╭─ DATA

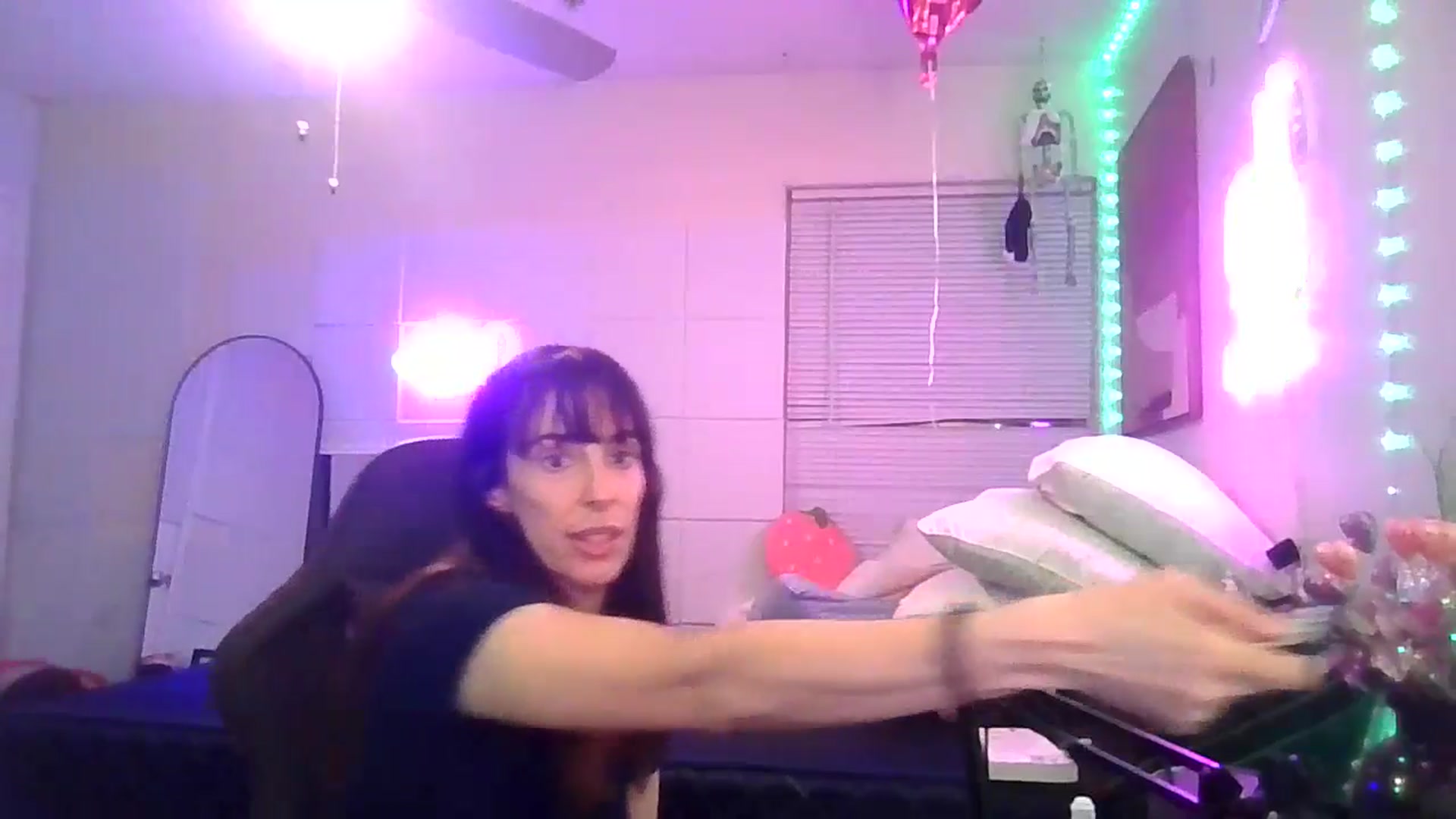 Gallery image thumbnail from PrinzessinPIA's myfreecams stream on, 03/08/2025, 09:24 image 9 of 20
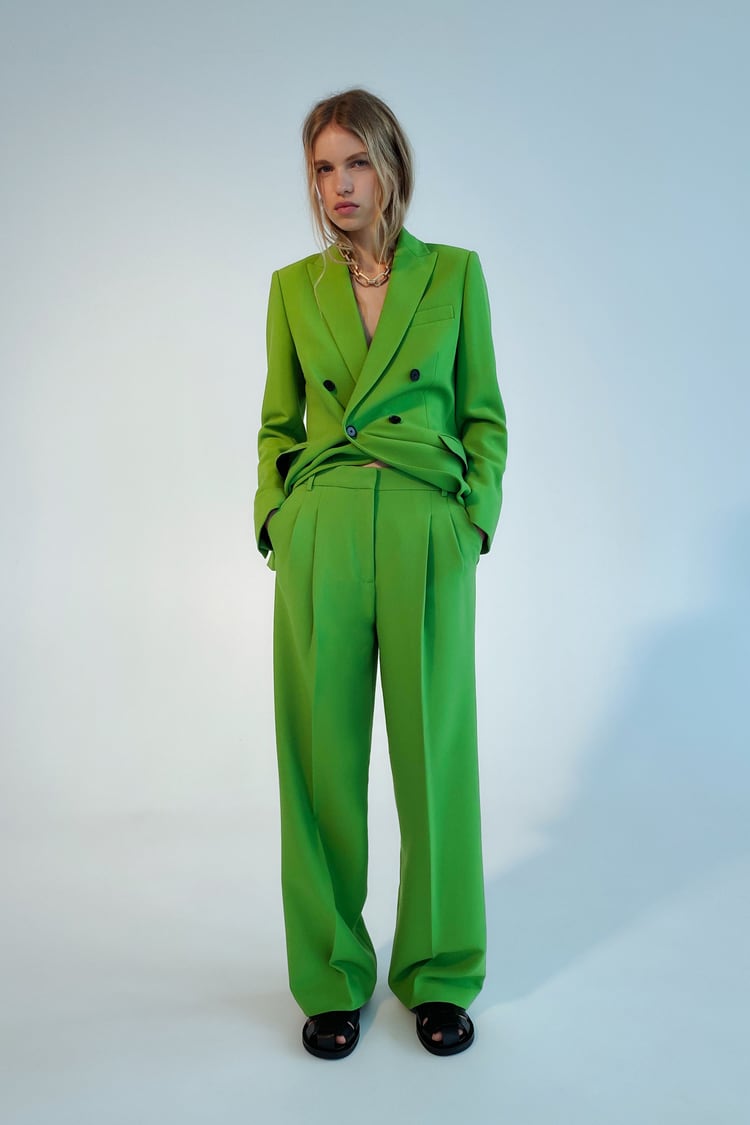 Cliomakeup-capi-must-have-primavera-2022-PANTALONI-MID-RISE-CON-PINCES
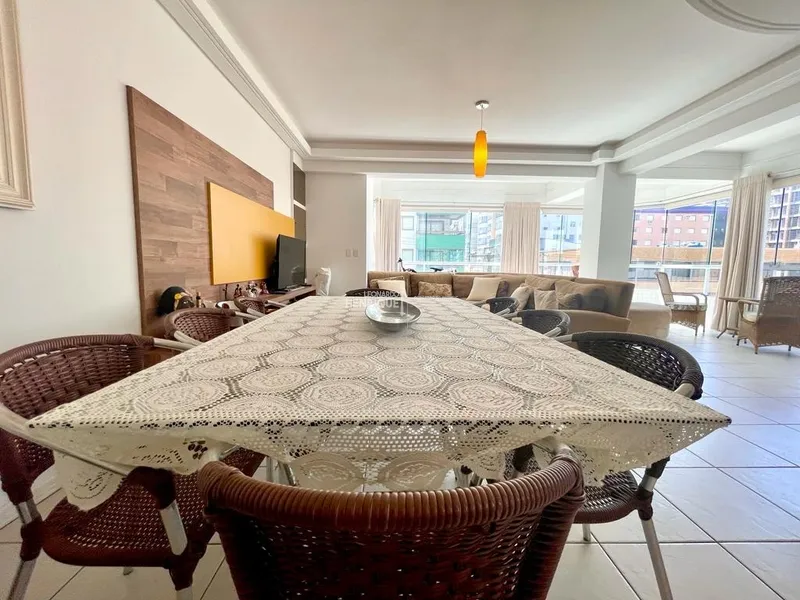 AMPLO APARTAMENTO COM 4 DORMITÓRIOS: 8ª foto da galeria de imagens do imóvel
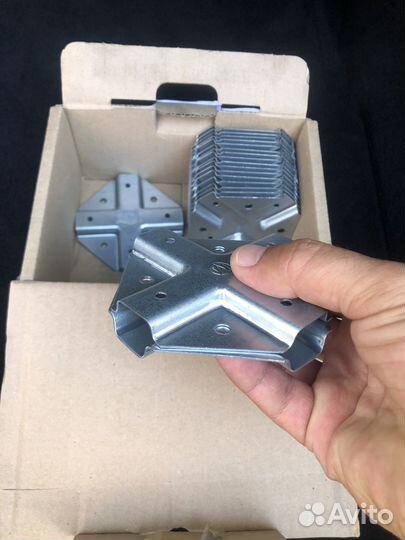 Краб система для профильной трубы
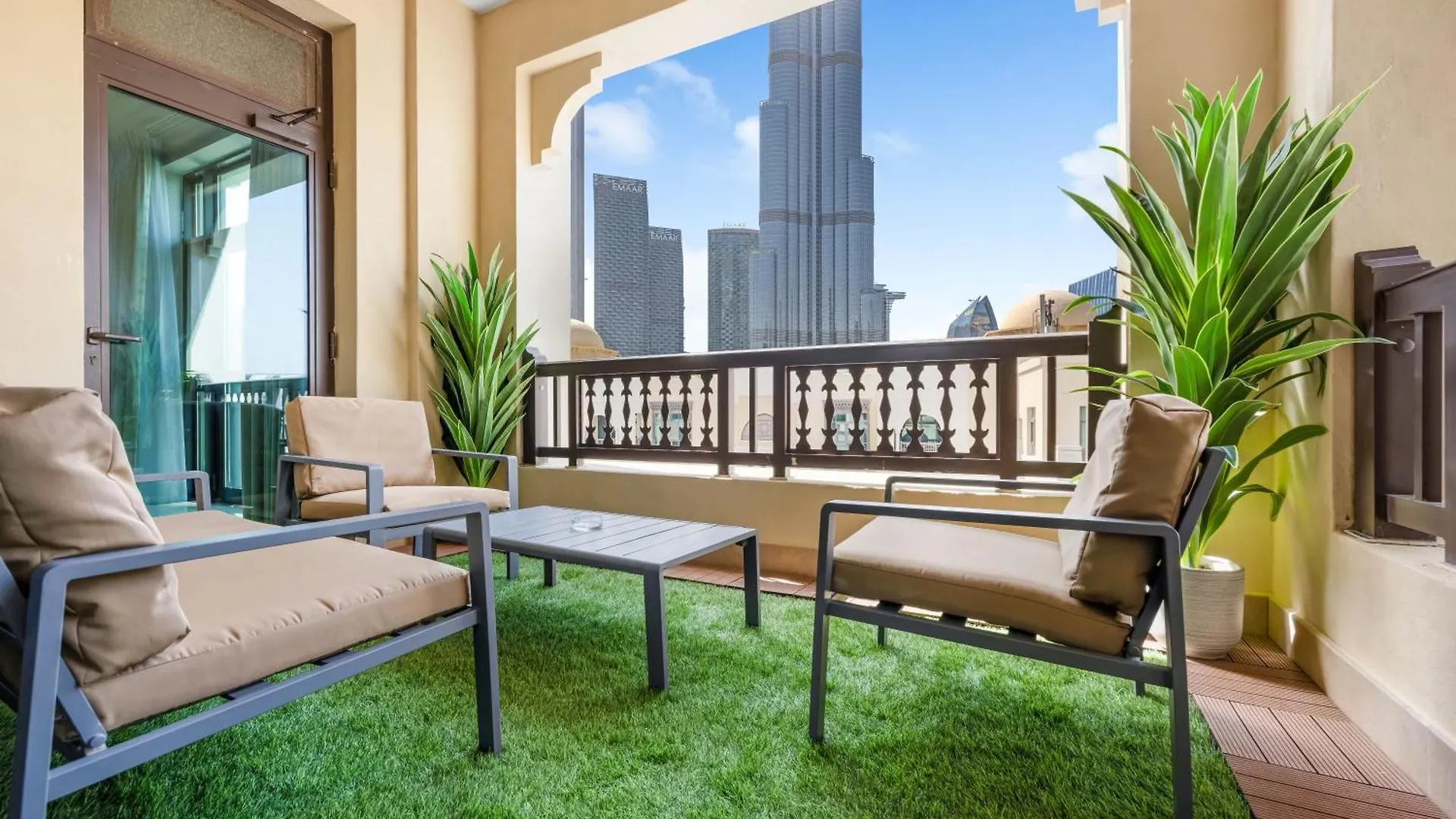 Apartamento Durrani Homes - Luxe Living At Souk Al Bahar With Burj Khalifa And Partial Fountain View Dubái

╰─

Beginning with the line that has "AMPLO APARTAMENTO COM", repeat each remaining line of the data above word for word, keeping pictures out.

REPLY TO THE EXERCISE:
 AMPLO APARTAMENTO COM 4 DORMITÓRIOS: 8ª foto da galeria de imagens do imóvel
 Краб система для профильной трубы
 Apartamento Durrani Homes - Luxe Living At Souk Al Bahar With Burj Khalifa And Partial Fountain View Dubái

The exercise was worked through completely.